Mehr als 1.000 Patienten mit extremen Cholesterinspiegeln

Familiäre Hypercholesterinämie ist eine der häufigsten erblichen Stoffwechselstörungen. Die Dunkelziffer der Betroffenen ist hoch, Schätzungen schwanken zwischen 160.000 und 400.000 Patienten in Deutschland. Experten gehen davon aus, dass in Deutschland nur 15 Prozent der Fälle diagnostiziert sind. Die überwiegende Zahl der Betroffenen leidet an der weniger gefährlichen heterozygoten FH. Ihr LDL-Cholesterinwert liegt zwischen 270 und 550 mg/dl.
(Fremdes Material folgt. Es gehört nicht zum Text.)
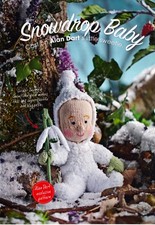 ALAN DART SNOWDROP BABY Knitting Pattern from Simply Knitting Magazine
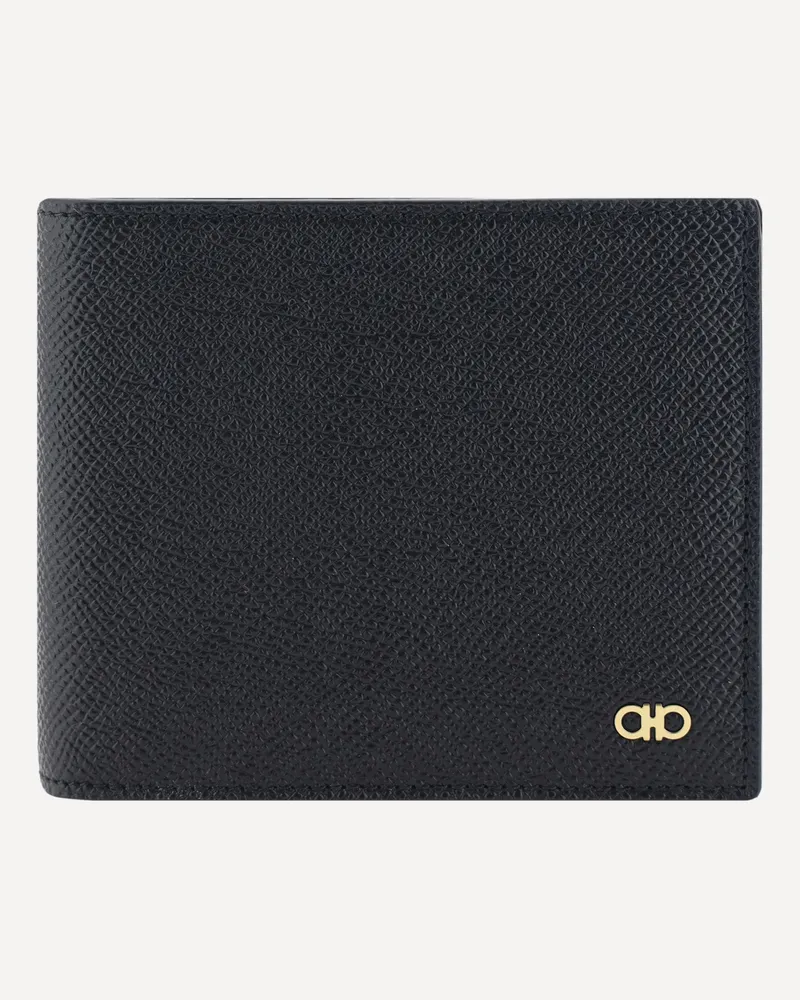 Ferragamo Wallet Male Black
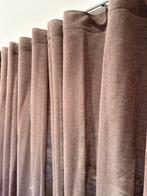 Gordijn 612-3 inbetween wave plooi Corsica linnen 260x246cm, Huis en Inrichting, Stoffering | Gordijnen en Lamellen, Ophalen of Verzenden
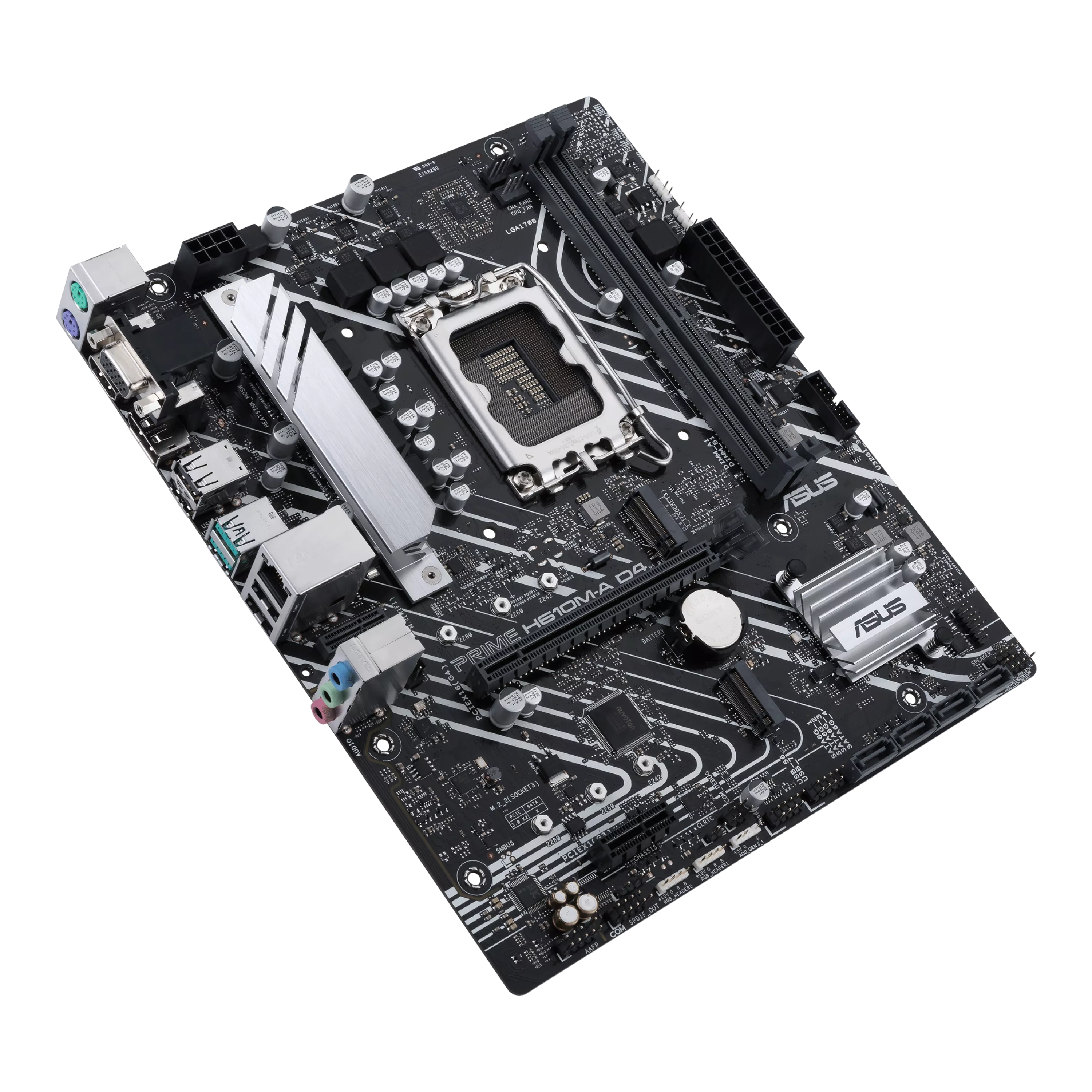 ASUS PRIME H610MA D4CSM LGA1700 2xDDR4 2xM2 4xSATA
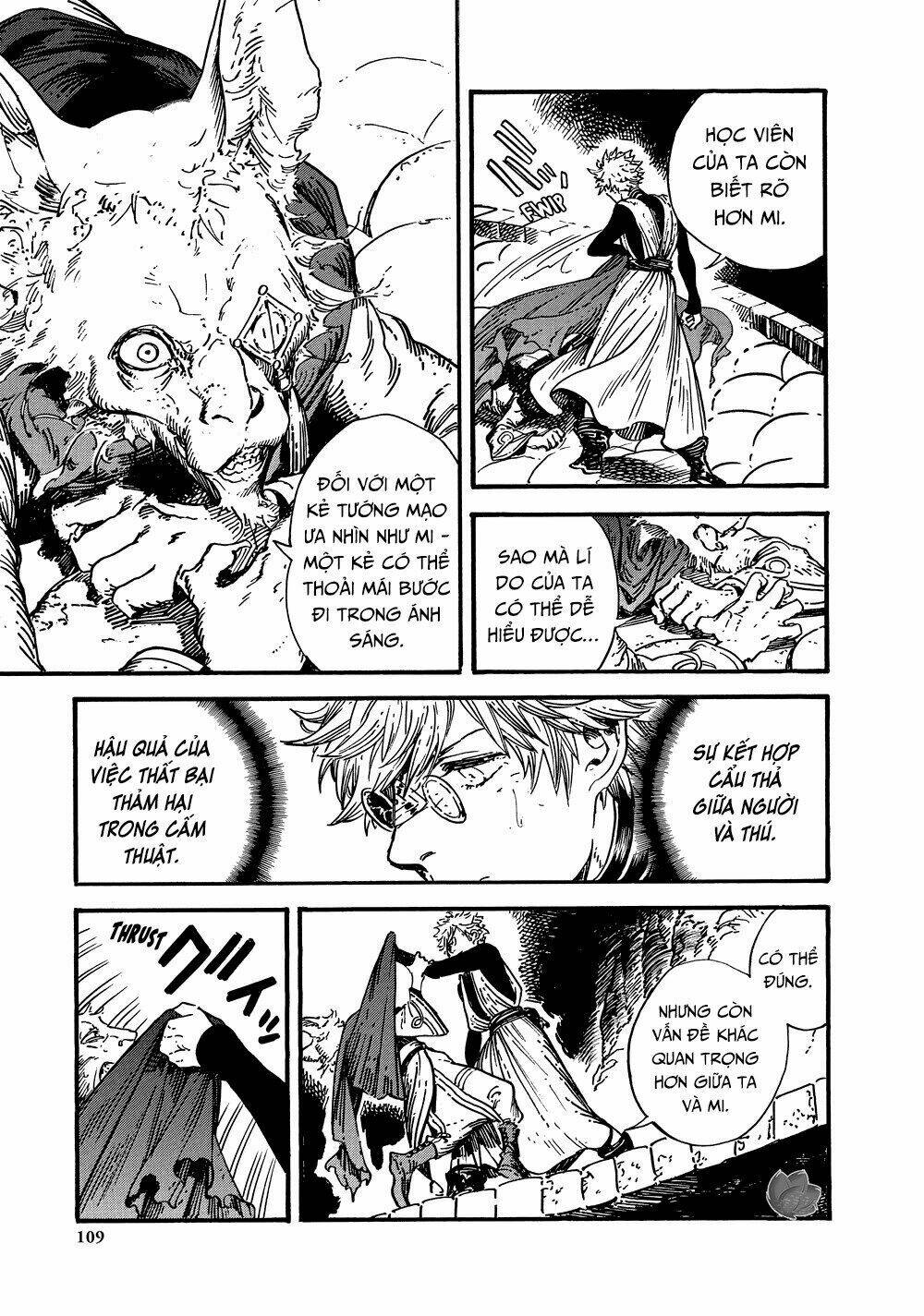 Công Xưởng Phép Thuật: Chapter 27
Ihnen kann die gängige Statin-Therapie in der Regel gut helfen, den Grenzwert von 160 mg/dl zu erreichen, der für Menschen ohne Risikofaktoren wie Diabetes, Adipositas oder Rauchen gilt.

Eine Unverträglichkeit von Statinen kann die Situation auch für diese Patienten allerdings ebenso schwierig wie für Menschen mit extrem hohen Cholesterinwerten machen. „Für weitaus über 1.000 Patienten gelten kritische Cholesterinwerte, die nicht ausreichend mit Statinen therapierbar sind“, sagt Prof. Gerald Klose, Internist und ehemaliger Ärztlicher Leiter des Klinikums Links der Weser in Bremen. Für sie wären die PCSK9-Antikörper die erste medikamentöse Therapie.